Sul caso del resort a Torre Salsa l'ambientalismo ha fatto una figura pessima. E adesso che fare ? Come comporre la questione e dirimere il bandolo della matassa?

Torre Salsa

Per quale ragione il WWF e LEGAMBIENTE avendo avuto anni a disposizione per opporsi al piano non hanno mosso un dito e sono emerse solo adesso dall'oblio ?  Perchè hanno permesso che fosse portato avanti questo progetto in una zona sottoposta a vincolo?
Queste ultime settimane sono state caratterizzate da scene e personaggi degni del teatro di Edoardo Scarpetta.

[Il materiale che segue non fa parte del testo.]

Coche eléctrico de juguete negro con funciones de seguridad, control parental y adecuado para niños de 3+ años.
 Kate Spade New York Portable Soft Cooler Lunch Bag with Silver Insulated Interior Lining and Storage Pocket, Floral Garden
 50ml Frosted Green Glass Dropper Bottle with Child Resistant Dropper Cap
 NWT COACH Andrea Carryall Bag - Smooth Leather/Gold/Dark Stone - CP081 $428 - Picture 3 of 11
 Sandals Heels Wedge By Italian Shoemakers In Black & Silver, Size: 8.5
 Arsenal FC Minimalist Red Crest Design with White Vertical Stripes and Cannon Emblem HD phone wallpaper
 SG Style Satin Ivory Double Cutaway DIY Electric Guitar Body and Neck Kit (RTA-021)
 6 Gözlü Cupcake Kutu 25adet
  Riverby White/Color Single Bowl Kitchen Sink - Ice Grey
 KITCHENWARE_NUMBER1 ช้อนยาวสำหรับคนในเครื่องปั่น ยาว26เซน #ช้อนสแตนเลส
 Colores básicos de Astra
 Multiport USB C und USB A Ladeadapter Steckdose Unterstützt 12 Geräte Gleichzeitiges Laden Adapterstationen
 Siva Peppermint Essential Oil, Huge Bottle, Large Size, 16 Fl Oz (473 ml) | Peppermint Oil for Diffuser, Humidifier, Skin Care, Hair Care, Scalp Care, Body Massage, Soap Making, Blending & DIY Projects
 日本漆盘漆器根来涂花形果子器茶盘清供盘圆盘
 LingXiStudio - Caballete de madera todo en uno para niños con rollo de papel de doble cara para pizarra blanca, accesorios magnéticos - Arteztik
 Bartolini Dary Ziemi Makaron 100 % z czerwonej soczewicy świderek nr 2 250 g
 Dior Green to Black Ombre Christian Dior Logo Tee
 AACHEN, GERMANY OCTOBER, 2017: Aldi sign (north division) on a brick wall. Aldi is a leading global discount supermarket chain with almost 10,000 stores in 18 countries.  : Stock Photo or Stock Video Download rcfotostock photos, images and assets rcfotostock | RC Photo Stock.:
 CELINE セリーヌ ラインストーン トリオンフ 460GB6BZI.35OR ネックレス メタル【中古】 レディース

In questo teatrino da avanspettacolo abbiamo visto alternarsi di tutto ,sono comparsi personaggi anelanti inutile visibilità, '' Masanielli de noantri''che hanno tentato di cavalcare l'onda emotiva del popolino a cui è stato fatto credere che il resort possa fornire occupazione a svariate centinaia di persone,e poi ancora quelli che si sono  nominati contemporaneamente giudici ,plotone di esecuzione e becchini,e anche certa ''informazione'', qualitativamente oscillante fra il salotto di Barbara d'Urso e Novella 2000, che ha fornito sponda indecorosa e piccina agli alfieri del resort.


E adesso che fare ? Come comporre la questione e dirimere il bandolo della matassa? Il sottoscritto propone di fare arretrare la costruzione del resort più all'interno e quindi assolutamente fuori dall'area  protetta che fa da cuscinetto confinante con la zona B della riserva.L'istinto animale che mi caratterizza mi fa subodorare che altre minacce gravino sul futuro di questa stupenda contrada,a cosa mi riferisco ? Penso alla costruzione in spiaggia di dependance e chioschi complementari e dipendenti dalla struttura principale e poi dulcis in fundo la privatizzazione e la blindatura di un tratto considerevole della spiaggia della riserva.Se queste ipotesi dovrebbero disgraziatamente avverarsi allora il gioco si farebbe pesante e l'estate dei ricchi ospiti del resort sarebbe più volte funestata da proteste in stile ''No TAV'' tese a costringere la direzione del resort a chiudere e smantellare le strutture in spiaggia.Se alcuni pensano di poter replicare a Torre Salsa le porcherie del ''Verdura Resort'' si sono fatti male i conti.

Trinacria selvaggia

Divulgatore naturalistico, produttore di documentari video e fotografici. Un impegno quarantennale nel campo della salvaguardia degli habitat e delle specie minacciate d'estinzione in provincia di Agrigento. Attraverso le sue immagini e le sue descrizioni ci guiderà all'interno delle contrade più incontaminate della nostra terra e non solo.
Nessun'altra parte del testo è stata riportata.